Nelson Wall was scheduled to work from 8:30 p.m. to 5 a.m. as a car house cleaner at the Toronto Transit Commission’s (TTC) Greenwood maintenance yard. But that didn’t mean he felt compelled to stay at work for his whole shift. In fact, he habitually left work to meet his buddies and hoist a few beers at local watering holes. Although he made no secret of his activities, he had been disciplined only once. When an anonymous source added allegations of theft to the ongoing accounts of Wall’s misdemeanours, it was time for the TTC Special Constables Criminal Investigations Unit to get involved.

During the investigation into the theft, surveillance teams followed Wall when he left work mid-shift. He went home, changed clothes and headed to a country and western bar where he played pool and drank a couple of beers before returning to work. A few days later he was seen at another bar during working hours enjoying a basket of chicken wings, fries and two bottles of beer. This time he was accompanied by a woman he had picked up earlier at a private residence. They left just before 1 a.m. and, a few minutes later after dropping her off, he was back at the TTC yard. This time he was detained by the special constables, who called his supervisor John Dotzko to meet him at the gate.

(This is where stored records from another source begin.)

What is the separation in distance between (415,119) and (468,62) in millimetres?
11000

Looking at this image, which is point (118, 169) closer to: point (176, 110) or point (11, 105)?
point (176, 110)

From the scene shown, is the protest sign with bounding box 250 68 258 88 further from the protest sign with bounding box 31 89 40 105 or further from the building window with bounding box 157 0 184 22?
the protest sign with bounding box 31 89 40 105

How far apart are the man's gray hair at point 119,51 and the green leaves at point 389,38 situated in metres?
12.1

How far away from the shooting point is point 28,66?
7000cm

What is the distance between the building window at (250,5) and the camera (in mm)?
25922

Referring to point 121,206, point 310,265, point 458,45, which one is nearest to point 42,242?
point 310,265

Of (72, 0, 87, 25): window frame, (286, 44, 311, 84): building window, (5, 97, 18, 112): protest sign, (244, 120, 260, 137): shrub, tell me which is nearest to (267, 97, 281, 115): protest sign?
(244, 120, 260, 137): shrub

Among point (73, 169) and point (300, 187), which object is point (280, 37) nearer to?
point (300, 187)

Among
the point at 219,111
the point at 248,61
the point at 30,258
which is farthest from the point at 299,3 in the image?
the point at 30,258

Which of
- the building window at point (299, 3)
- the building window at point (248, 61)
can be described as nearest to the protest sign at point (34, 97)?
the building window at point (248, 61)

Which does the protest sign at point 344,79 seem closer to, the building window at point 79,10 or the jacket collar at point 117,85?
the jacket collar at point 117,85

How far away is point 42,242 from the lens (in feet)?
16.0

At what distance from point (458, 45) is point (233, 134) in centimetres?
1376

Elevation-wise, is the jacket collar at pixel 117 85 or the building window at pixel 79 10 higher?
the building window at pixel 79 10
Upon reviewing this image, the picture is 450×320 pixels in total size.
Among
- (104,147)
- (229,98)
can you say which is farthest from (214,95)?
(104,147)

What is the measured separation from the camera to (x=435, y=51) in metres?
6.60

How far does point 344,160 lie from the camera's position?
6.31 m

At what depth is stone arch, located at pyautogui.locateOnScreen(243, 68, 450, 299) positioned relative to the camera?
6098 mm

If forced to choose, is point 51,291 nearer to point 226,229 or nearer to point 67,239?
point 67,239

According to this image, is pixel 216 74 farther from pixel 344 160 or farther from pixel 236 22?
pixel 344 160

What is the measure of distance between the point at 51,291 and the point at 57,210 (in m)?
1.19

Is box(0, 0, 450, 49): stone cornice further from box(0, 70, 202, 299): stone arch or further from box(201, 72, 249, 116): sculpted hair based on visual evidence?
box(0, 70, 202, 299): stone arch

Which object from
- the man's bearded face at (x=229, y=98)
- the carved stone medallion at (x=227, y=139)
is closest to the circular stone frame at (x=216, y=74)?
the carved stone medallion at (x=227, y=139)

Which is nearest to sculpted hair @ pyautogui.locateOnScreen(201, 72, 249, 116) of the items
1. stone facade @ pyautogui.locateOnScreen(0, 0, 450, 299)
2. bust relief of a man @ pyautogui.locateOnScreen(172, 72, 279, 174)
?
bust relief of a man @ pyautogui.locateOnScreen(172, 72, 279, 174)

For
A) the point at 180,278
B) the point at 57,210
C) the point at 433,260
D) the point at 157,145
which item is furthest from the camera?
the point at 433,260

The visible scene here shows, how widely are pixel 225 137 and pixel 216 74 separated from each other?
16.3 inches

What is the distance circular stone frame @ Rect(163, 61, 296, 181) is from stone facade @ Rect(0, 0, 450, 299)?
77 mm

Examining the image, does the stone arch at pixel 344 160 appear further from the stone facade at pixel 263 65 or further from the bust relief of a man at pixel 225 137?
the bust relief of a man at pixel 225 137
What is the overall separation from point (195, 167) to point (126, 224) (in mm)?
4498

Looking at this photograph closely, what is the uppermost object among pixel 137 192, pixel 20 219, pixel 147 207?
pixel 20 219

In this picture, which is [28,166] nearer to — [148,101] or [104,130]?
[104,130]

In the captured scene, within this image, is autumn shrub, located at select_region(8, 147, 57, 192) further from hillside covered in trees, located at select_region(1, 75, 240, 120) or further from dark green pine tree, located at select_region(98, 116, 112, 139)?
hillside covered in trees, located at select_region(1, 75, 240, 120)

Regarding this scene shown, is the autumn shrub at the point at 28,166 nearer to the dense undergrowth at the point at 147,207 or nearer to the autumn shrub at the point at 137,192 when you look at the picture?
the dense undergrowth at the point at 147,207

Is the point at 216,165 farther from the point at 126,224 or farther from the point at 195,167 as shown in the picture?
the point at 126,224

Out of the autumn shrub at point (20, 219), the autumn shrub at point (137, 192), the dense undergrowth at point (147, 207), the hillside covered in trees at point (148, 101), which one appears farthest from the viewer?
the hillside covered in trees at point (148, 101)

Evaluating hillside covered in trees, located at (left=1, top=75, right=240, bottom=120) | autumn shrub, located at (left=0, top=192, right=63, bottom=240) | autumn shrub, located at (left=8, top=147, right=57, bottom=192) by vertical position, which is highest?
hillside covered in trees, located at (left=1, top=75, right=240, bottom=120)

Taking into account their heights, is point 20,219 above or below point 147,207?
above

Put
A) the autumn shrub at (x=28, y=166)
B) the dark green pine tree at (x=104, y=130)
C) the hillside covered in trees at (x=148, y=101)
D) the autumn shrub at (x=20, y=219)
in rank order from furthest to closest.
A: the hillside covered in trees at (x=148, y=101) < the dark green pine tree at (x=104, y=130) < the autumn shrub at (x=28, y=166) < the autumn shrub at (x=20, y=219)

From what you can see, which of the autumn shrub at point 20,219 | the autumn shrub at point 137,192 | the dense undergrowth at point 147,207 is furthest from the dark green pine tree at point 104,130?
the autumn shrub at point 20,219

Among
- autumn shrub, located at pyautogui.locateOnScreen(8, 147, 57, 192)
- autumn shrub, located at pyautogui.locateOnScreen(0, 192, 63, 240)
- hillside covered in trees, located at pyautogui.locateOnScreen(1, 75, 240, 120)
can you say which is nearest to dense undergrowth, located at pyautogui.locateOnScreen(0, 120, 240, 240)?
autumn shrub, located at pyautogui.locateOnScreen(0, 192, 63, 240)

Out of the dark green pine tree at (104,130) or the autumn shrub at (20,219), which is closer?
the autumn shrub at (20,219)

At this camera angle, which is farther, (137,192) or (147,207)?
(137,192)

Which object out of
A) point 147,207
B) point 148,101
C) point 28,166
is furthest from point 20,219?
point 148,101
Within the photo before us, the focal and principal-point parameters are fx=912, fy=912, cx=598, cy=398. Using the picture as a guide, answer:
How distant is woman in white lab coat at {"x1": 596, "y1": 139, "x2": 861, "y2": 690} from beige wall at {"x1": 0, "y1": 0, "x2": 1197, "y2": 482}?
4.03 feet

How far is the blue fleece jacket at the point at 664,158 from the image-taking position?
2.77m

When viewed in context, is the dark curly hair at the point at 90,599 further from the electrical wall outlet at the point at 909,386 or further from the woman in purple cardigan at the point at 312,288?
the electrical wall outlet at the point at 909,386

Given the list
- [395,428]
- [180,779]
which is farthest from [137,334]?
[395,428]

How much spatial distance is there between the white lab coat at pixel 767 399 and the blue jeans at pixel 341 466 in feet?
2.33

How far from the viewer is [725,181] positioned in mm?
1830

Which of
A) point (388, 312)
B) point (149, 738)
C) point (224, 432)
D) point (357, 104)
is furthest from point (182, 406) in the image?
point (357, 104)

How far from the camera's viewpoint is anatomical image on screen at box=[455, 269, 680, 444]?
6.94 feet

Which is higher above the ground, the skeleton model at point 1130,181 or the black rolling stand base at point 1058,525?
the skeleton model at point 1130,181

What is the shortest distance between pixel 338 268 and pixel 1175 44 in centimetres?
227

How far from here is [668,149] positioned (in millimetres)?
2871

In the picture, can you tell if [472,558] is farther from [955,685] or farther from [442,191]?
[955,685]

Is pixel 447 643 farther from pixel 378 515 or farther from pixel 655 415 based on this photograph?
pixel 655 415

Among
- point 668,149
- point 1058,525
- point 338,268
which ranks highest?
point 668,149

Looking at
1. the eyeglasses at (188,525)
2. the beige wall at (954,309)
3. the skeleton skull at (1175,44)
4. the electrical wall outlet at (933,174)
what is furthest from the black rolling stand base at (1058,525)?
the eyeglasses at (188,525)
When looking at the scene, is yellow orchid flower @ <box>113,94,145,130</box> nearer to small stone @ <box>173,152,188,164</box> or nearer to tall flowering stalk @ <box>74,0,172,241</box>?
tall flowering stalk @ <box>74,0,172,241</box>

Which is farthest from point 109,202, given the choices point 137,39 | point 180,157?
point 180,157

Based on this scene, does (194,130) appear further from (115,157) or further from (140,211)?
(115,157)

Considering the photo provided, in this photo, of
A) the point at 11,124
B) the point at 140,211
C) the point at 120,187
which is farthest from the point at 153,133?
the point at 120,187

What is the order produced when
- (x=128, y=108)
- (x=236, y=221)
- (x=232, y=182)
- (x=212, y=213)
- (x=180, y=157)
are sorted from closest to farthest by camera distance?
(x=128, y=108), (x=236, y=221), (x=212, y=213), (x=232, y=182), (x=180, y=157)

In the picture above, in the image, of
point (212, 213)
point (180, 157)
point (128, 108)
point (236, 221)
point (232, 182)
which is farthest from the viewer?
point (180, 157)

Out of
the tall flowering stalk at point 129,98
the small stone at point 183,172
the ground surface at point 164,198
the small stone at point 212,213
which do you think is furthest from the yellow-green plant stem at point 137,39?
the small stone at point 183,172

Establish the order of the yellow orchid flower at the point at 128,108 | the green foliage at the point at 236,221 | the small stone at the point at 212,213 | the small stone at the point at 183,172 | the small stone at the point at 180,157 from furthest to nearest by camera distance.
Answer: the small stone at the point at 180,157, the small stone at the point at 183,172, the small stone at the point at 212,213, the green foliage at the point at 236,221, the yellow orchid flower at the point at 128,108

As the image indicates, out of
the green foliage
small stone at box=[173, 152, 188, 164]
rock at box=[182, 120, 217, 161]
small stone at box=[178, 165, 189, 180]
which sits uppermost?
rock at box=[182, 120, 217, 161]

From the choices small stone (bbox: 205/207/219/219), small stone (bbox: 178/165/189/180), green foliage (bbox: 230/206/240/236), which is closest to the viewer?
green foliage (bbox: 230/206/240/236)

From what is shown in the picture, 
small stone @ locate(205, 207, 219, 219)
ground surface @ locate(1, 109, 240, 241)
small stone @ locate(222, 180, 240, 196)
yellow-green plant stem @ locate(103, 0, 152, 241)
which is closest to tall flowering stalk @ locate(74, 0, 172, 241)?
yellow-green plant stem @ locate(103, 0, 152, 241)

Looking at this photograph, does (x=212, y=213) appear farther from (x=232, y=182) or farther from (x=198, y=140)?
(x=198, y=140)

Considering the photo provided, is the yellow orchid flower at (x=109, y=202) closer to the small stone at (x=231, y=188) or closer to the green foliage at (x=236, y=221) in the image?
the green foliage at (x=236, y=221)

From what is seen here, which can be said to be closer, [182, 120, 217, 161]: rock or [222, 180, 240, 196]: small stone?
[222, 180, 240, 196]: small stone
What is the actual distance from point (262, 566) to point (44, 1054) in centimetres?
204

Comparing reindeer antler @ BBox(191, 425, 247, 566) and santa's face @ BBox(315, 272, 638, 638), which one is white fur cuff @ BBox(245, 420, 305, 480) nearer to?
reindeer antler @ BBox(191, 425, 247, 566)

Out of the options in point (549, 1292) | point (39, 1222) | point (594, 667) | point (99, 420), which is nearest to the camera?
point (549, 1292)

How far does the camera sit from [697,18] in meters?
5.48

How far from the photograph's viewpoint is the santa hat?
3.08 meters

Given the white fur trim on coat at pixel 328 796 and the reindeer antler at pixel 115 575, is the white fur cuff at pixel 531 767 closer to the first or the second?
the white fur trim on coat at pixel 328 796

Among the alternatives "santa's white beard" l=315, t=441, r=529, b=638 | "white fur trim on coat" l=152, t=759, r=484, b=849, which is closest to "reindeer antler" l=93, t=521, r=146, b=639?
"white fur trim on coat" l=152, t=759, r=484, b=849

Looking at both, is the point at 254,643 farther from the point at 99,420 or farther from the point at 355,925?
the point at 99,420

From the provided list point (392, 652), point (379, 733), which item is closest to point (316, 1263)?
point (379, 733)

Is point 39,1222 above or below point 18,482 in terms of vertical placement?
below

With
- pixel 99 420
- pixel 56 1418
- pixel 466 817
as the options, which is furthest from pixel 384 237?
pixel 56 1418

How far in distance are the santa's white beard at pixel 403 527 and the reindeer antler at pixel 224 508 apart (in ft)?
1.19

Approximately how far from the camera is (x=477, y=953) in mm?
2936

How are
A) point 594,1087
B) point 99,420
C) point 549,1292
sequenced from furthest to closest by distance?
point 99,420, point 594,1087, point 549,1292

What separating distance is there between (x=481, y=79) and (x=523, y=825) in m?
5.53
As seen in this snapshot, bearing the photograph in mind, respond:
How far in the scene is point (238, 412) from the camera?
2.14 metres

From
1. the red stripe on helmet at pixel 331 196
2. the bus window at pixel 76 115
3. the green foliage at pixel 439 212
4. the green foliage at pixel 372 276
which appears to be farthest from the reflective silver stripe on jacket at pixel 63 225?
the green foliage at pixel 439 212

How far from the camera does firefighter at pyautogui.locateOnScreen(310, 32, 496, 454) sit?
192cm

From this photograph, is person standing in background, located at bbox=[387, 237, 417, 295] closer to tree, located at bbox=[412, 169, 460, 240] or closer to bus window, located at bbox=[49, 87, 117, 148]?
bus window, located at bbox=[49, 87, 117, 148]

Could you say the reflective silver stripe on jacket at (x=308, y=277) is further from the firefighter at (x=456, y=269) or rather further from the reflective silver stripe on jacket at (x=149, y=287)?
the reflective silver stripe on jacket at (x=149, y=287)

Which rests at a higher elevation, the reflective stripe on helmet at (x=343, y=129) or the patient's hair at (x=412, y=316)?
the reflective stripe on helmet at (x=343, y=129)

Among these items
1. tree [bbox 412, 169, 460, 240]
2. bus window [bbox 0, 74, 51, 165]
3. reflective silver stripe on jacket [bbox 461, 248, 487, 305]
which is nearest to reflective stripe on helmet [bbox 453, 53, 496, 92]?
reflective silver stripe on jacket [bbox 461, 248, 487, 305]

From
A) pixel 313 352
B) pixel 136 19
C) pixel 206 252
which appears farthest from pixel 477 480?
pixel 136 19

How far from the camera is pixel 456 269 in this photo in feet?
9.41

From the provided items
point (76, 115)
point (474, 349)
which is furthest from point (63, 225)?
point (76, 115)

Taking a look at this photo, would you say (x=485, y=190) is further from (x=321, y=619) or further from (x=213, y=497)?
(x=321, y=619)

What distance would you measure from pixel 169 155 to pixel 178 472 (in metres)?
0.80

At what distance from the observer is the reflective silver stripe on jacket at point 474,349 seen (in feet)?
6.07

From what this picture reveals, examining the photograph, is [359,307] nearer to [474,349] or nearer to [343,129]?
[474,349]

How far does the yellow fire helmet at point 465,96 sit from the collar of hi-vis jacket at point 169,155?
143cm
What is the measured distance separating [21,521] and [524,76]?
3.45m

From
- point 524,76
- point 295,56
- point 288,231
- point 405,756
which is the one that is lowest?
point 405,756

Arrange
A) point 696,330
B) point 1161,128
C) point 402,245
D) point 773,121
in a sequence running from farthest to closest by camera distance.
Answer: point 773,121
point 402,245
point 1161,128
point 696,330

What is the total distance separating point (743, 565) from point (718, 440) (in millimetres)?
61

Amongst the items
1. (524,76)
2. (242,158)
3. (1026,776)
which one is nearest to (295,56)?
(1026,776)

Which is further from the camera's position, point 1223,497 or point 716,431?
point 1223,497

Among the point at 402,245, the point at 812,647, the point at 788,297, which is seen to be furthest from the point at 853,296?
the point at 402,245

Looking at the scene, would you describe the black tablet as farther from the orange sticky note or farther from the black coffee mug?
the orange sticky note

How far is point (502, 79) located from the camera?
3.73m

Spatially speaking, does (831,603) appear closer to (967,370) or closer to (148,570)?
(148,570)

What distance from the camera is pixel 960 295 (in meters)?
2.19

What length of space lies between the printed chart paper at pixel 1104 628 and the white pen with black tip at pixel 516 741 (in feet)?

Wall explained to Dotzko that he had taken off because of a sudden family emergency. Dotzko accepted his excuse at face value and allowed him to go home. His superintendent, Jim Fraser, was not so sanguine. Although he did not want to compromise the criminal investigation, he could no longer ignore the reports of Wall’s drinking on the job. He called a disciplinary meeting and fired him on the basis of his prior discipline, his previous unauthorized absences and the two incidents of consuming alcohol while on duty –– a terminable offence under the collective agreement.